Category: General

General posts and updates

  • Local Voice Assistant: Whisper + Ollama + Piper on the Raspberry Pi

    Local Voice Assistant: Whisper + Ollama + Piper on the Raspberry Pi

    !Microphone – symbol of local voice processing

    Photo: Holger.Ellgaard, Wikimedia Commons, CC BY-SA 3.0

    Voice Control Without the Cloud: Is That Really Possible?

    Alexa, Google Home, Siri — they all work well, but share one common denominator: your voice commands end up on someone else’s servers. In the smart home context, where commands like “turn off the bedroom light” or “unlock the front door” are the norm, that’s unnecessary data sharing.

    The good news: in 2026, a fully local voice assistant is no longer a DIY project requiring hours of configuration. With Home Assistant’s Wyoming protocol, Whisper for speech recognition, Ollama as the LLM backend, and Piper for text-to-speech, you have all the ingredients — and the Raspberry Pi 5 is powerful enough to process everything locally.


    The Architecture: Four Building Blocks, One System

    Microphone → [STT] Whisper → [LLM] Ollama → [TTS] Piper → Speaker
                     ↕                ↕               ↕
                 Wyoming Protocol ← Home Assistant Assist

    The Wyoming protocol is the glue: it defines how Home Assistant communicates with external STT, TTS, and wake word services. All components run as Docker containers on the home server and are automatically discovered by HA.

    !Speech-to-Text process

    Illustration of the speech-to-text pipeline. Wikimedia Commons, LGPL

    Block 1: Whisper (Speech-to-Text)

    wyoming-faster-whisper is the recommended STT component for HA. It’s built on faster-whisper — a CTranslate2 reimplementation that runs up to 4x faster than the original PyTorch model on CPU.

    Model recommendations for Pi 5:

    Model RAM Required Quality
    tiny ~1 GB for testing
    small ~2 GB good balance
    large-v3-turbo ~3 GB recommended (almost as good as large-v3)
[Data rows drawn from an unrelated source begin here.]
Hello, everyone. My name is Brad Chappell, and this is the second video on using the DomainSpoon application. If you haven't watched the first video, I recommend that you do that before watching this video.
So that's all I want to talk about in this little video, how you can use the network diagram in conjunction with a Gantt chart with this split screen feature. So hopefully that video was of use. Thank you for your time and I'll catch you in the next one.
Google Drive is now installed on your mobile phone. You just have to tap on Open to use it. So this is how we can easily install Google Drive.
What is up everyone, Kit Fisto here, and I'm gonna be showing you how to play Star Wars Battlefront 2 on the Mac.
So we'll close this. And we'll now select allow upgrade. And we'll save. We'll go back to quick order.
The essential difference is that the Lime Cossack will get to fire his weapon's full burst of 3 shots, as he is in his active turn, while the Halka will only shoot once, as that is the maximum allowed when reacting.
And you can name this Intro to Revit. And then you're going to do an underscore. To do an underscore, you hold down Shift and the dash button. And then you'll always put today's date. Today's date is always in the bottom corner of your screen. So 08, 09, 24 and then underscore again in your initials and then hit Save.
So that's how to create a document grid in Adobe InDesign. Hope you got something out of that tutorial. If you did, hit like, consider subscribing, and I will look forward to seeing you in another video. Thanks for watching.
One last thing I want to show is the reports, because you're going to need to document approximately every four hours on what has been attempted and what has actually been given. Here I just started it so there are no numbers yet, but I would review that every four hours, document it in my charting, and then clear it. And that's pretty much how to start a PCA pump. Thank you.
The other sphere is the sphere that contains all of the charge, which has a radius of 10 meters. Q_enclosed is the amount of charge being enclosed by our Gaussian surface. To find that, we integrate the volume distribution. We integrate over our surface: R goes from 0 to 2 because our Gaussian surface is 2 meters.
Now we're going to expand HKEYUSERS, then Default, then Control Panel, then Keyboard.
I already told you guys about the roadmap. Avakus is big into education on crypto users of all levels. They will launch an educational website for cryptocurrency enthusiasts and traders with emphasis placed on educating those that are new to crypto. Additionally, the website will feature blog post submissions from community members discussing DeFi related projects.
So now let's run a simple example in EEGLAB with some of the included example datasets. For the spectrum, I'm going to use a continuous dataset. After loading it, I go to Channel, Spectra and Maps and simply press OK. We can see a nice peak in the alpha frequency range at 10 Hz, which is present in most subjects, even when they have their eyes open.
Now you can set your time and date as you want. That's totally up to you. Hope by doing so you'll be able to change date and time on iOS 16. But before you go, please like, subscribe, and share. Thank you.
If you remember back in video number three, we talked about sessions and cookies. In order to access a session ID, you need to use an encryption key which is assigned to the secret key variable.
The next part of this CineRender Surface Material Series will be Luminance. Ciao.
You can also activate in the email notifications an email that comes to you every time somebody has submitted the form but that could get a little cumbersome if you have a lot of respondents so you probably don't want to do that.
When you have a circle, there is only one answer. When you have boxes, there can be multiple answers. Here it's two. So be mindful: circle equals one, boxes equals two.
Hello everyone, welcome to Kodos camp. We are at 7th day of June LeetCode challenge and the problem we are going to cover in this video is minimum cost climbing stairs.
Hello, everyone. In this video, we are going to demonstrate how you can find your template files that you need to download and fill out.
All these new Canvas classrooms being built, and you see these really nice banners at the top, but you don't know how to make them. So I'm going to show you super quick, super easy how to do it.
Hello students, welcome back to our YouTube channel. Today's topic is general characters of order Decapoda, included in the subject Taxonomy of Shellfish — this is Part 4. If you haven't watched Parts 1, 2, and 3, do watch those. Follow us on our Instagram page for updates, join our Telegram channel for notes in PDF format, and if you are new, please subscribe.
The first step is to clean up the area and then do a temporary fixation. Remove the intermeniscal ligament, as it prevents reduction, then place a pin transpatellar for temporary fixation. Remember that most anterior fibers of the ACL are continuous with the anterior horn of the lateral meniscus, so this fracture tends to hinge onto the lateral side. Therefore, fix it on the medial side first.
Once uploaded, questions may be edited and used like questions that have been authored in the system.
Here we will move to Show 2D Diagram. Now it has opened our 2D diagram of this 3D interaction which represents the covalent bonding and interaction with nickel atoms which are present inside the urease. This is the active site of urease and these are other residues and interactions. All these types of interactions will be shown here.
    The large-v3-turbo model is OpenAI’s smart reduction of large-v3 from 32 to 4 decoder layers — nearly the same recognition accuracy, significantly less RAM. For non-English languages it’s clearly the first choice.

    Block 2: Ollama (Language Model)

    Ollama runs as a Docker container and exposes an OpenAI-compatible API. Home Assistant has had a native Ollama integration since 2024, which uses the LLM directly as a conversation agent in the Assist pipeline.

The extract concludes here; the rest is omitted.